> _AIM OF THE TASK_: Nothing but the line containing "Milk Chocolate Topped Rice cakes" and the lines after it in the entries below should appear, each repeated exactly.

(PROVIDED MATERIAL Opens)

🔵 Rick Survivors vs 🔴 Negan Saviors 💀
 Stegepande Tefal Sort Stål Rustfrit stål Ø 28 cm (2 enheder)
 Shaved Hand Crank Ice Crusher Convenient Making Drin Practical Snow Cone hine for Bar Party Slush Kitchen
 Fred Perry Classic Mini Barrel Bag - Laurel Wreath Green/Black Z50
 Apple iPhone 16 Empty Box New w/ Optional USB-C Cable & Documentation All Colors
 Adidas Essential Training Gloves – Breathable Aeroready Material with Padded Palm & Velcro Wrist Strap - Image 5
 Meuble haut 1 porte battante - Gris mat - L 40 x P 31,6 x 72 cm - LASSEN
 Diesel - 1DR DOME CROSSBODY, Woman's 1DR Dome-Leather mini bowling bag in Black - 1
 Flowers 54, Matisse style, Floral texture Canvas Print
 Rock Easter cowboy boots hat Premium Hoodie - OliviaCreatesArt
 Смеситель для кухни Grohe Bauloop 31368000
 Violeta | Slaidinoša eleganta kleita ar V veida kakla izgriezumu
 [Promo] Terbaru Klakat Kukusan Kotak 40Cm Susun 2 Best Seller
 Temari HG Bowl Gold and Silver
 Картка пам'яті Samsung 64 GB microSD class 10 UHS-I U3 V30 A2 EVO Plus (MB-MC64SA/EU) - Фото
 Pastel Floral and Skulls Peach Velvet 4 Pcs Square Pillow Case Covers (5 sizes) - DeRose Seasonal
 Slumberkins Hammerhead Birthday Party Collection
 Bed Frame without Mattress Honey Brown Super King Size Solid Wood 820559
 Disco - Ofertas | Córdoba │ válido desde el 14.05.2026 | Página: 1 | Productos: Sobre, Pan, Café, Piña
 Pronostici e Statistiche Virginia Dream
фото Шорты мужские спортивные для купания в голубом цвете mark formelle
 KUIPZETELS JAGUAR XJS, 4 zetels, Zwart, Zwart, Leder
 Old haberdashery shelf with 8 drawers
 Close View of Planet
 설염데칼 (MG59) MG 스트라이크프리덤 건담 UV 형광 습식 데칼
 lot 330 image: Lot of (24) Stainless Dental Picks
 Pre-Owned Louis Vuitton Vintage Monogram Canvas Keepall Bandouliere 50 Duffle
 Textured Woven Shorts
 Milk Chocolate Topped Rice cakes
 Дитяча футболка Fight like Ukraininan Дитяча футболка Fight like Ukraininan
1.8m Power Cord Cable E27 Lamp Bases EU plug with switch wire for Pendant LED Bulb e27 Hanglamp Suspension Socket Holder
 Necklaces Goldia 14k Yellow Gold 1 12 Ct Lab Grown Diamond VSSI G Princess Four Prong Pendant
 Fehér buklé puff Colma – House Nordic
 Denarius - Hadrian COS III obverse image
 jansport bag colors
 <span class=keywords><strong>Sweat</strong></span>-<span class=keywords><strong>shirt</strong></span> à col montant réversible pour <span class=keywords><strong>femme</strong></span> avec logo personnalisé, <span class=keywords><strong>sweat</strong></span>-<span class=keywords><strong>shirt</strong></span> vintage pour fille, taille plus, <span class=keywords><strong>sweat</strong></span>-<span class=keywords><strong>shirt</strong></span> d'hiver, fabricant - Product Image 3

(PROVIDED MATERIAL Closes)

> _WRITTEN RESPONSE_:
 Milk Chocolate Topped Rice cakes
 Дитяча футболка Fight like Ukraininan Дитяча футболка Fight like Ukraininan
1.8m Power Cord Cable E27 Lamp Bases EU plug with switch wire for Pendant LED Bulb e27 Hanglamp Suspension Socket Holder
 Necklaces Goldia 14k Yellow Gold 1 12 Ct Lab Grown Diamond VSSI G Princess Four Prong Pendant
 Fehér buklé puff Colma – House Nordic
 Denarius - Hadrian COS III obverse image
 jansport bag colors
 <span class=keywords><strong>Sweat</strong></span>-<span class=keywords><strong>shirt</strong></span> à col montant réversible pour <span class=keywords><strong>femme</strong></span> avec logo personnalisé, <span class=keywords><strong>sweat</strong></span>-<span class=keywords><strong>shirt</strong></span> vintage pour fille, taille plus, <span class=keywords><strong>sweat</strong></span>-<span class=keywords><strong>shirt</strong></span> d'hiver, fabricant - Product Image 3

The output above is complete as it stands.